🤿 DeepLabv3+#

[Example] · [Architecture] · [Training Hyperparameters] · [Attribution] · [API Reference]

DeepLabv3+ is an architecture designed for semantic segmenation i.e. per-pixel classification. DeepLabv3+ takes in a feature map from a backbone architecture (e.g. ResNet-101), then outputs classifications for each pixel in the input image. Our implementation is a simple wrapper around torchvision’s ResNet for the backbone and mmsegmentation’s DeepLabv3+ for the head.

Example#

from composer.models import composer_deeplabv3

model = composer_deeplabv3(num_classes=150,
                           backbone_arch="resnet101",
                           backbone_weights="IMAGENET1K_V2",
                           sync_bn=False
)

Architecture#

Based on Encoder-Decoder with Atrous Separable Convolution for Semantic Image Segmentation

Backbone network: converts the input image into a feature map.
- Usually ResNet-101 with the strided convolutions converted to dilations convolutions in stage 3 and 4.
- The 3x3 convolutions in stage 3 and 4 have dilation sizes of 2 and 4, respectively, to compensate for the decreased receptive field.
- The average pooling and classification layer are ignored.
Spatial Pyramid Pooling: extracts multi-resolution features from the stage 4 backbone feature map.
- The backbone feature map is processed with four parallel convolution layers with dilations {1, 12, 24, 36} and kernel sizes {1x1, 3x3, 3x3, 3x3}.
- In parallel to the convolutions, global average pool the backbone feature map, then bilinearly upsample to be the same spatial dimension as the feature map.
- Concatenate the outputs from the convolutions and global average pool, then process with a 1x1 convolution.
- The 3x3 convolutions are implemented as depth-wise convolutions to reduce memory and computation cost.
Decoder: converts the output of spatial pyramid pooling (SPP) to class predictions of the same spatial dimension as the input image.
- SPP output is bilinearly upsampled to be the same spatial dimension as the output from the first stage in the backbone network.
- A 1x1 convolution is applied to the first stage activations, then this is concatenated with the upsampled SPP output.
- The concatenation is processed by a 3x3 convolution with dropout followed by a classification layer.
- The predictions are bilinearly upsampled to be the same resolution as the input image.

Training Hyperparameters#

We tested two sets of hyperparameters for DeepLabv3+ trained on the ADE20k dataset.
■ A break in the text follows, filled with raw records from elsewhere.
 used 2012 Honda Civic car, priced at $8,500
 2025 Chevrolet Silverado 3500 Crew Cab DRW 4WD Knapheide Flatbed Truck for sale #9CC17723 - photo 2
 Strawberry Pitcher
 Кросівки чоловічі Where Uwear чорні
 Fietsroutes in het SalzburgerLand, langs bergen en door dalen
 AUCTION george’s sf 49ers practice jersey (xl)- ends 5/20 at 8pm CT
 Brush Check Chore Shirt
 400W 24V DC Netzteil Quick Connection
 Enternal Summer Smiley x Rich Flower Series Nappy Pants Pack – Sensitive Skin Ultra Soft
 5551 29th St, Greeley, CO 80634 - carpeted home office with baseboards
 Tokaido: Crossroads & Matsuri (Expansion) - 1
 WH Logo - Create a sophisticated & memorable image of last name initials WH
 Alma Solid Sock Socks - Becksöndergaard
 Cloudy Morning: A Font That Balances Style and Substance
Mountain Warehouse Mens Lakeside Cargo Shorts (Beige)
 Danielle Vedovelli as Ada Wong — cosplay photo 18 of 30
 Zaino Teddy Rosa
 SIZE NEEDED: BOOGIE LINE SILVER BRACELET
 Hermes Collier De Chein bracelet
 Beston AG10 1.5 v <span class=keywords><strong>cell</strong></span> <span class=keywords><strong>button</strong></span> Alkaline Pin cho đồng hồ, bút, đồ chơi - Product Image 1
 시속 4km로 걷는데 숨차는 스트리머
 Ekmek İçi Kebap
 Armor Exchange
Typical ADE20k Model Hyperparameters#

Model: deeplabv3:
- Initializers: kaiming_normal, bn_ones
- Number of classes: 150
- Backbone weights: IMAGENET1K_V1
- Sync BatchNorm
Optimizer: SGD
- Learning rate: 0.01
- Momentum: 0.9
- Weight decay: 5.0e-4
- Dampening: 0
- Nsterov: false
LR schedulers:
- Polynomial:
  - Alpha_f: 0.01
  - Power: 0.9
Number of epochs: 127
Batch size: 16
Precision: amp

Model	mIoU	Time-to-Train on 8xA100
ResNet101-DeepLabv3+	44.17 +/- 0.17	6.385 hr

Composer ADE20k Model Hyperparameters#

Model: deeplabv3:
- Initializers: kaiming_normal, bn_ones
- Number of classes: 150
- Backbone Architecture: resnet101
- Sync BatchNorm
- Backbone weights: IMAGENET1K_V2
Optimizer: Decoupled SGDW
- Learning rate: 0.01
- Momentum: 0.9
- Weight decay: 2.0e-5
- Dampening: 0
- Nesterov: false
LR schedulers:
- Cosine decay, t_max: 1dur
Number of epochs: 128
Batch size: 32
Precision: amp

Model	mIoU	Time-to-Train on 8xA100
ResNet101-DeepLabv3+	45.764 +/- 0.29	4.67 hr

Improvements:

New PyTorch pretrained weights
Cosine decay
Decoupled Weight Decay
Increase batch size to 32
Decrease weight decay to 2e-5

Attribution#

Encoder-Decoder with Atrous Separable Convolution for Semantic Image Segmentation by Liang-Chieh Chen, Yukun Zhu, George Papandreou, Florian Schroff, Hartwig Adam

OpenMMLab Semantic Segmentation Toolbox and Benchmark

How to Train State-Of-The-Art Models Using TorchVision’s Latest Primitives by Vasilis Vryniotis

API Reference#

class composer.models.deeplabv3.composer_deeplabv3(num_classes, backbone_arch='resnet101', backbone_weights=None, sync_bn=True, use_plus=True, ignore_index=- 1, cross_entropy_weight=1.0, dice_weight=0.0, initializers=())[source]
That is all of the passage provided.